This is how it begins: Local leaders in Milwaukee commissioned a study examining whether the city’s convention center is up to snuff. Surprise, surprise, reports Bruce Murphy at Urban Milwaukee: Hunden Strategic Partners, a consulting firm that loves convention centers, says Milwaukee really ought to be pumping a bunch of public money into expanding its convention facilities and a new arena for its NBA franchise, the Bucks. Oh, and a large publicly subsidized hotel wouldn’t hurt either. This is the same outfit that did the study for Kansas City’s Power and Light District, which has turned into a notorious money pit for the city.

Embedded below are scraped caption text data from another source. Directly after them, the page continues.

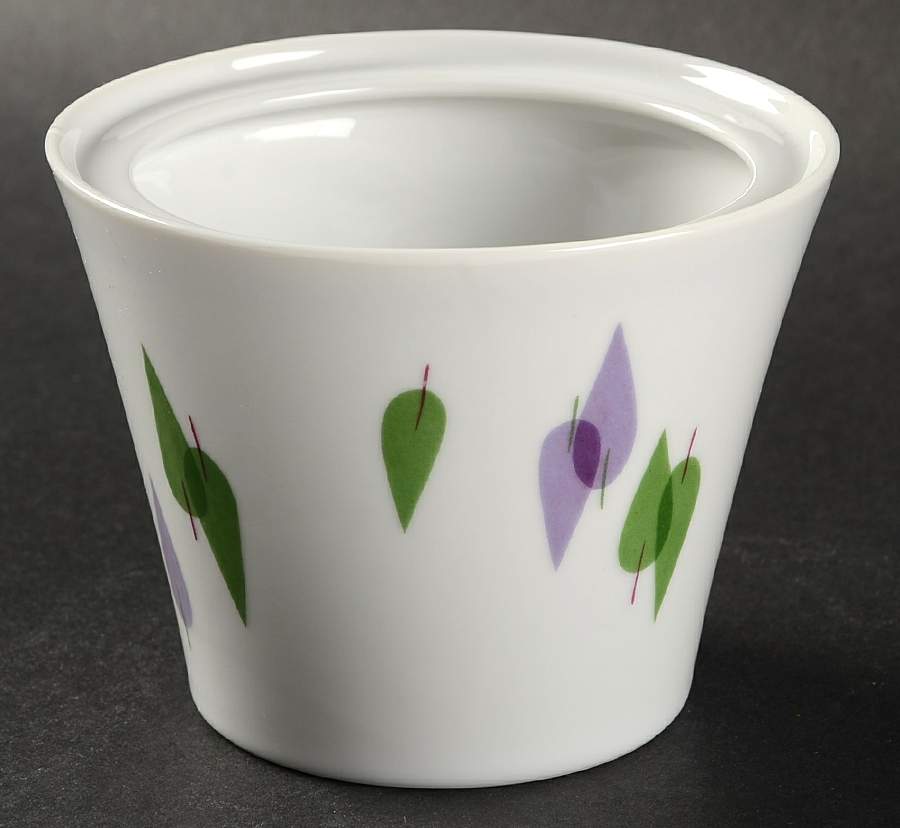 Encore Sugar Bowl No Lid by Sango-1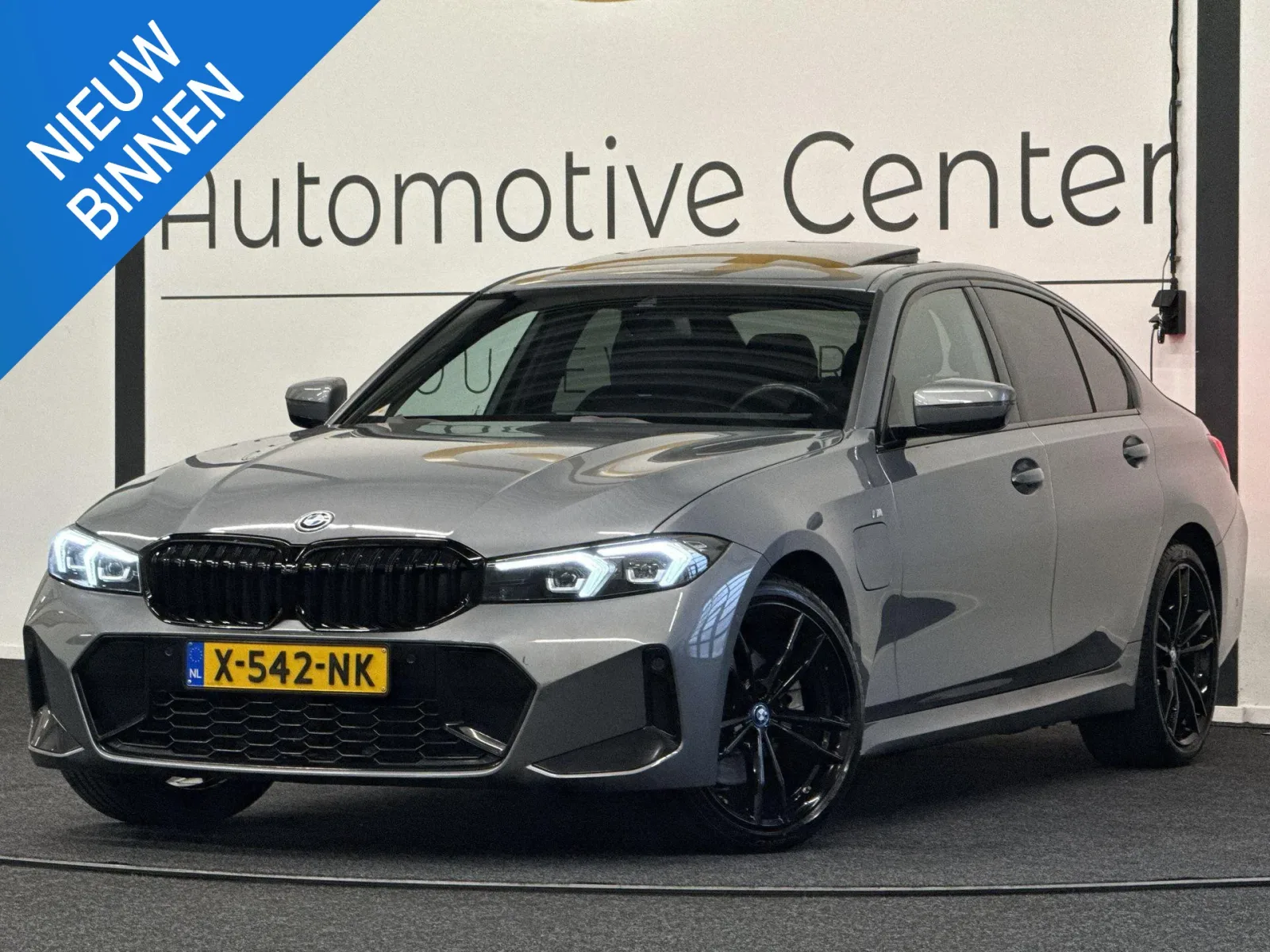 BMW 3-Serie (2024) — foto 1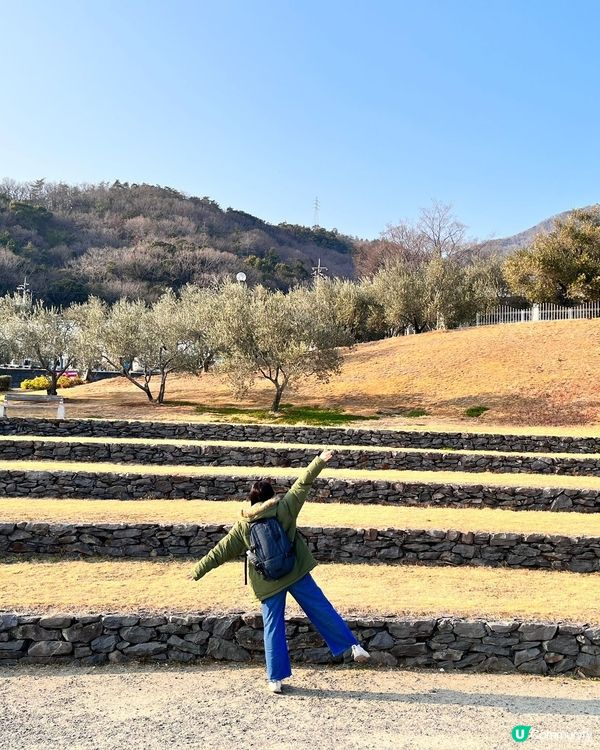魔女宅急變場景之小豆島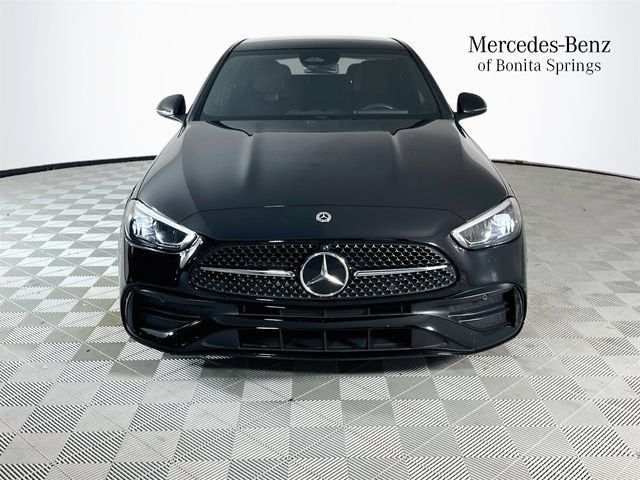2024 Mercedes-Benz C-Class C 300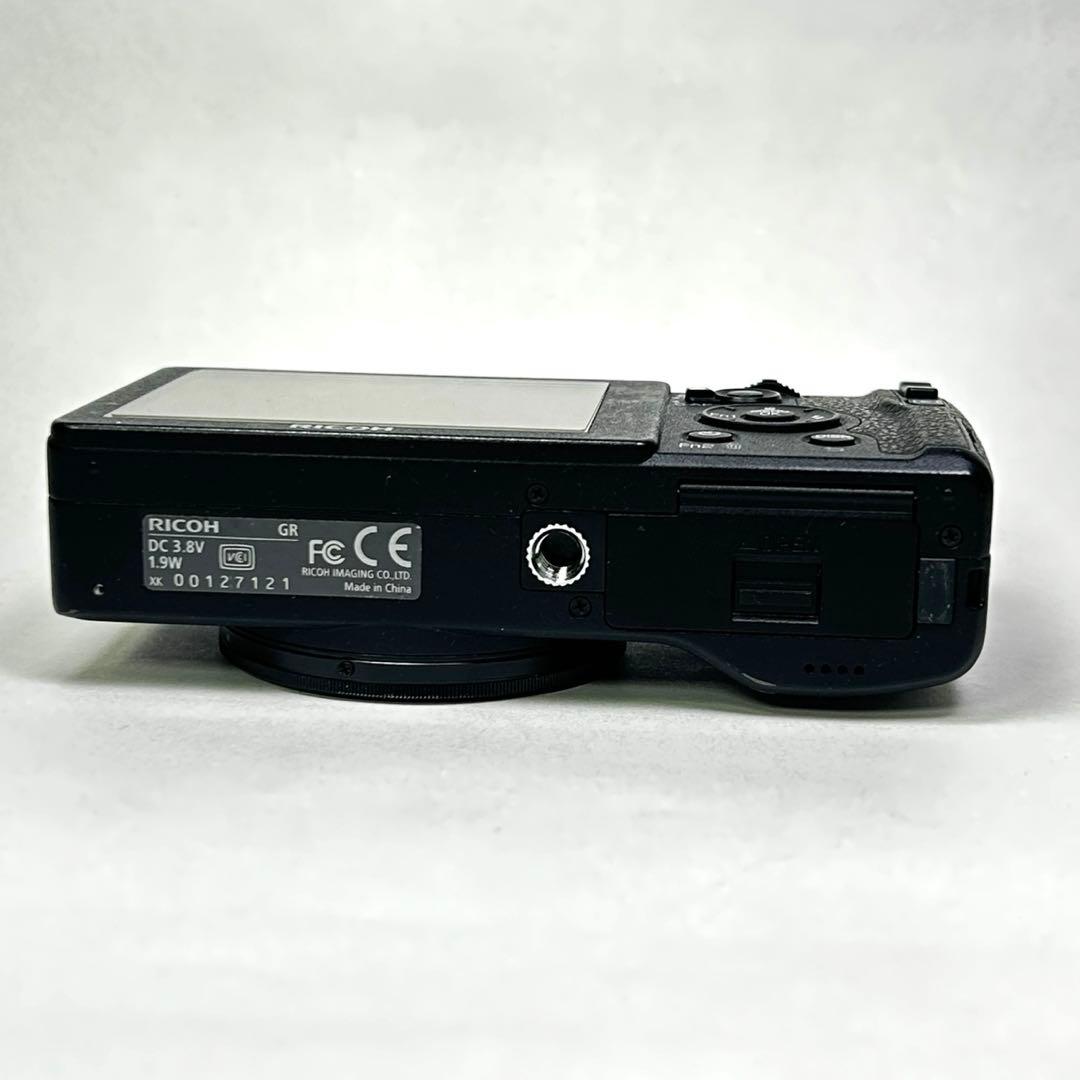RICOH GR 初代 APS-C コンパクト 動作品 付属品あり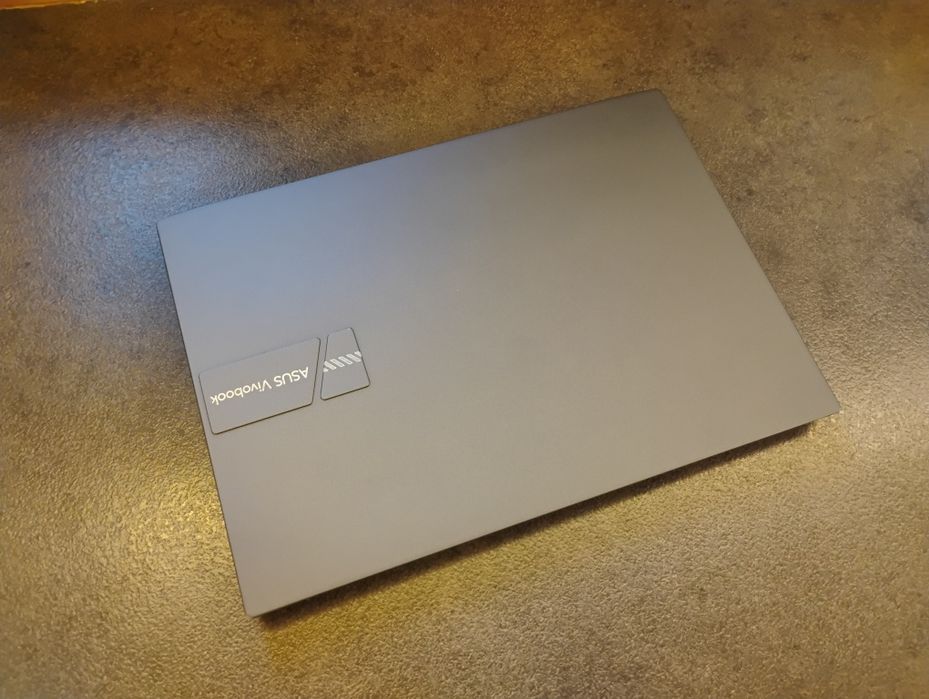 Laptop Asus - OLED - Ryzen 5 - 5000serie - RTX - 3050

Does Milwaukee really need to double the size of its convention center and chip in for a 1,000-room hotel? Murphy does a good job highlighting some weaknesses in the report:
“The cost and investment of keeping the Bucks is one worth working hard for, as the loss of a team can be devastating to the downtown economy,” Hunden warns, but offers no evidence whatsoever of this contention. The clear consensus among economists is that there is no economic spinoff from such investments, and Hunden never addresses this.
As for the need to increase the convention center, its own data undercuts that recommendation. For starters, the study finds Milwaukee’s convention attendance has increased by nearly 130 percent between 2007 and 2014, while convention hotel room nights increased 26 percent during the same period. So the convention center has done pretty well in recent years.
As for what a bigger convention center might accomplish, the study’s analysis of the Wisconsin Center “suggests that the convention-generated business downtown is minimal. The sales generated by those coming downtown from the suburbs (and beyond) for major events, especially during the summer, is a significant impact on downtown.”
In short, the convention center is not bringing much business downtown. So why should the city invest more money in it?